Kubernetes is no longer new. After several years of production experience across the industry, clear patterns have emerged for successful deployments. Here are the practices that matter in 2019.
Resource Management
Always Set Resource Requests and Limits
Every container needs explicit resource definitions:
containers:
- name: api
resources:
requests:
memory: "256Mi"
cpu: "100m"
limits:
memory: "512Mi"
cpu: "1000m"
Why this matters:
Requests determine scheduling:
- Kubernetes places pods based on available resources
- Without requests, pods compete unfairly for resources
Limits prevent runaway containers:
- Memory limits trigger OOMKill when exceeded
- CPU limits throttle (consider omitting for latency-sensitive apps)
Right-Size Based on Data
Don’t guess—measure:
# View actual resource usage
kubectl top pods
# Historical usage via Prometheus
container_memory_usage_bytes{pod="api-xxx"}
container_cpu_usage_seconds_total{pod="api-xxx"}
Use Vertical Pod Autoscaler in recommendation mode to get sizing suggestions.
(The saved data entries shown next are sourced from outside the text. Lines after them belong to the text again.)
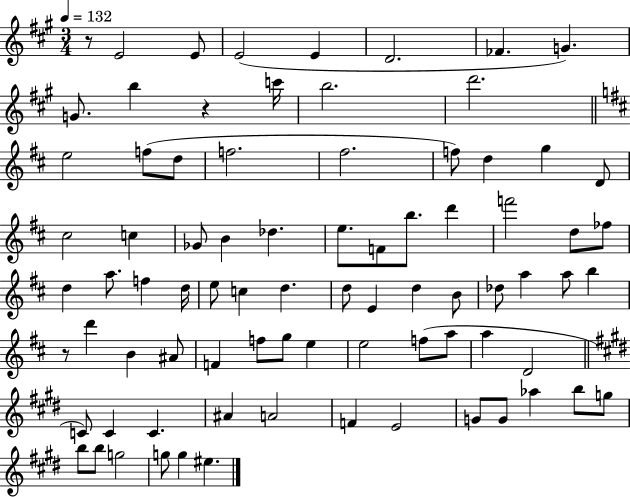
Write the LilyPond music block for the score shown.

{
  \clef treble
  \numericTimeSignature
  \time 3/4
  \key a \major
  \tempo 4 = 132
  \repeat volta 2 { r8 e'2 e'8 | e'2( e'4 | d'2. | fes'4. g'4.) | \break g'8. b''4 r4 c'''16 | b''2. | d'''2. | \bar "||" \break \key d \major e''2 f''8( d''8 | f''2. | fis''2. | f''8) d''4 g''4 d'8 | \break cis''2 c''4 | ges'8 b'4 des''4. | e''8. f'8 b''8. d'''4 | f'''2 d''8 fes''8 | \break d''4 a''8. f''4 d''16 | e''8 c''4 d''4. | d''8 e'4 d''4 b'8 | des''8 a''4 a''8 b''4 | \break r8 d'''4 b'4 ais'8 | f'4 f''8 g''8 e''4 | e''2 f''8( a''8 | a''4 d'2 | \break \bar "||" \break \key e \major c'8) c'4 c'4. | ais'4 a'2 | f'4 e'2 | g'8 g'8 aes''4 b''8 g''8 | \break b''8 b''8 g''2 | g''8 g''4 eis''4. | } \bar "|."
}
Quality of Service Classes
Kubernetes assigns QoS based on resource configuration:
Guaranteed: requests == limits for all containers
- Last to be evicted
- Predictable performance
Burstable: requests < limits
- Evicted before Guaranteed
- Can burst when resources available
BestEffort: No requests or limits
- First to be evicted
- Avoid in production
Critical services should be Guaranteed or high-priority Burstable.
Pod Design
One Process Per Container
Containers should do one thing:
# Good - separate containers
containers:
- name: api
image: myapp/api
- name: metrics-exporter
image: myapp/metrics
# Bad - multiple processes in one container
containers:
- name: everything
command: ["./run-api-and-metrics.sh"]
Benefits:
- Independent scaling
- Clear resource attribution
- Easier debugging
- Proper lifecycle management
Use Init Containers for Setup
Separate initialization from runtime:
initContainers:
- name: wait-for-db
image: busybox
command: ['sh', '-c', 'until nc -z db 5432; do sleep 1; done']
- name: run-migrations
image: myapp/api
command: ['./migrate']
containers:
- name: api
image: myapp/api
Init containers:
- Run sequentially before main containers
- Must succeed for pod to start
- Don’t count against pod resource limits
Configure Health Checks
Every production pod needs probes:
containers:
- name: api
livenessProbe:
httpGet:
path: /healthz
port: 8080
initialDelaySeconds: 15
periodSeconds: 10
failureThreshold: 3
readinessProbe:
httpGet:
path: /ready
port: 8080
initialDelaySeconds: 5
periodSeconds: 5
startupProbe:
httpGet:
path: /healthz
port: 8080
failureThreshold: 30
periodSeconds: 10
Liveness: Is the process healthy? Failure triggers container restart.
Readiness: Can it handle traffic? Failure removes from service endpoints.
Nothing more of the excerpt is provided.